We have already caused major climate changes to happen:
- Increasing global temperatures – The average global temperature has increased by one degree celsius over the past 100 years, worsening storms, floods, heat waves, and droughts.
- Shrinking glaciers – Since the mid-1990s, the Arctic region has been warming 2.5 times faster than any other region on Earth, causing 430 billion tons of ice to be shed each year since 2005 (and therefore contributing to rising sea levels).
- Severe storms – Cyclones, typhoons, and hurricanes have greatly grown in intensity, resulting in increased rainfall, stronger winds, and larger storm surges during/following these natural disasters.
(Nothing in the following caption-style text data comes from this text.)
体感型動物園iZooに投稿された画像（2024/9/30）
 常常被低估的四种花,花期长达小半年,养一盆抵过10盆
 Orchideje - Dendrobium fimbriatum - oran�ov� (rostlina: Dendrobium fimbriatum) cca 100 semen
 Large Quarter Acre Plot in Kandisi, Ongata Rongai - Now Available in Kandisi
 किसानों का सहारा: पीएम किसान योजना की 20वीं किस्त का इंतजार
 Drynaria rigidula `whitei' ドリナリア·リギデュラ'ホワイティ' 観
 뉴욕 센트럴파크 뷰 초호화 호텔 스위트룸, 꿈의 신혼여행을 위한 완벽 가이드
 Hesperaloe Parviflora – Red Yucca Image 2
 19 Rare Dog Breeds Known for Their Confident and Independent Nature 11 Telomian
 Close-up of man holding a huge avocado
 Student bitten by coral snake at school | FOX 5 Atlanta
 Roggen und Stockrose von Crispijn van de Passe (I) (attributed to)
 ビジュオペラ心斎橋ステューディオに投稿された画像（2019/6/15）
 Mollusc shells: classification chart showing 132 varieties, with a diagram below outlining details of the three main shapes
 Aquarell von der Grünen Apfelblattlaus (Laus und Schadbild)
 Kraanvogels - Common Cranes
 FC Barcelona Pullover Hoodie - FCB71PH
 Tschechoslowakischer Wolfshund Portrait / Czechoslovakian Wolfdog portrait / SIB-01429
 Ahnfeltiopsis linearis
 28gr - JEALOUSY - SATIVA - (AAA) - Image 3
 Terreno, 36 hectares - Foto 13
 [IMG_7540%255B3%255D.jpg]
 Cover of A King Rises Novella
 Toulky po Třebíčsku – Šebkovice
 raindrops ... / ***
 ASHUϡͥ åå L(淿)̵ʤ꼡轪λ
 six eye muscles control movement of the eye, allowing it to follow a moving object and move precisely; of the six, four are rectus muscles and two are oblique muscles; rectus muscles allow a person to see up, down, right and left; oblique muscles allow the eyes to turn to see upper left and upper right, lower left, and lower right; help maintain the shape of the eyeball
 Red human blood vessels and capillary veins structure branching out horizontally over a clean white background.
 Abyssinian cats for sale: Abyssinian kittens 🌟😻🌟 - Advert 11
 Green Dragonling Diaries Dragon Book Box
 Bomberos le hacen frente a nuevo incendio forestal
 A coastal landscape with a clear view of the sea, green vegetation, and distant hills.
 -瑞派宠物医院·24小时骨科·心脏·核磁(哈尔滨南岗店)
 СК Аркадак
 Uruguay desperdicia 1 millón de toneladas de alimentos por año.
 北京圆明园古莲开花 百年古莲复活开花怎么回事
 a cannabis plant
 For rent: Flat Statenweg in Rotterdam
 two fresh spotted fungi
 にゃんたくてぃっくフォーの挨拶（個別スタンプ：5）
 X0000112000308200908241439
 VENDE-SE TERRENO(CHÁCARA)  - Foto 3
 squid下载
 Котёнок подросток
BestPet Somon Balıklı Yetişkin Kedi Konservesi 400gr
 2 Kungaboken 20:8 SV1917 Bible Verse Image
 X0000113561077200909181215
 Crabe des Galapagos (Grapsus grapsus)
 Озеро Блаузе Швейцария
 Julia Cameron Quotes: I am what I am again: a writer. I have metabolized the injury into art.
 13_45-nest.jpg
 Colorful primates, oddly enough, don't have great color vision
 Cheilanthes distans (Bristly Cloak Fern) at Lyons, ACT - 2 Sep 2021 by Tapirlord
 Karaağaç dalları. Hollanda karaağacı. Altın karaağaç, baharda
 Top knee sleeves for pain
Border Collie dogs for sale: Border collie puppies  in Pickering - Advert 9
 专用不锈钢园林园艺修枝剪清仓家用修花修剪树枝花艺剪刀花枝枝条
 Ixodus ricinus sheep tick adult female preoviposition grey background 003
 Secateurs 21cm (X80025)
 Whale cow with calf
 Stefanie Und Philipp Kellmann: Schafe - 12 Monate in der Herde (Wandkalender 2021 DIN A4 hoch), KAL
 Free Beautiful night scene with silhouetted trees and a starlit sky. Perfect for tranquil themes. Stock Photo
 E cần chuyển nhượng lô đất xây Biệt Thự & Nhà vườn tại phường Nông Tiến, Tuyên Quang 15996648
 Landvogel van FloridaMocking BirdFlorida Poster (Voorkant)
- Deadlier heat waves and droughts – Record-breaking heat waves and long-lasting droughts have become quite prevalent over the past few decades.
- Exponential loss of species – Harmful human activity has triggered a “mass die-off,” with species going extinct at 10 to 100 times the normal background rate of extinction (one in eight species are endangered).
All of these are effects that scientists predicted in the past. Older generations decided to, for the most part, ignore those warnings, and because of that, we are all now experiencing a foretaste of things to come. We must not commit the same mistake again.
Some Future Consequences:
- By 2100, our greenhouse gas emissions will increase the average global temperature by another three to four degrees celsius, exponentially worsening every other consequence of climate change.
- According to the Intergovernmental Panel on Climate Change, an increase of 1.5°C in global temperatures will result in 70% of the tropical corals upon which 500 million people and a ¼ of marine life depend on will disappear. With an increase of 2°C, all of it will vanish.
- Global warming may also trigger the release of greenhouse gases from natural sources, such as the permafrost in Siberia, further increasing the rate at which the Earth heats up.
- By 2100, sea levels will rise by two meters, after which sea level rise will accelerate and go on for centuries. By 2050, 300 million people will live in flood zones.
Relatively Immediate Solutions:
- Cut subsidies to the fossil fuel industry, and instead, give them to the renewable energy industry.
- Harshly tax goods and services that increase carbon emissions. We could even increase the tax each year to create strong incentives for people to transition towards clean energy.
- Enforce strict standards for energy efficiency, prompting innovators and industries to invent new and better technologies that use much less dirty fossil fuel energy.
Too Late?
Unfortunately, yes. Even if we suddenly stopped emitting greenhouse gases, global warming and climate change would still continue to occur for the next few decades. Why? Well, there are two reasons:
- It takes a long time for a planet to “respond” to such changes. After all, nearly every single one of the Earth’s processes is quite lengthy.
- All of the CO2 stuck in the atmosphere stays there for hundreds of years.
As a result, the only thing we can do now is pray that we don’t reach an irreversible tipping point where everything will truly fall apart.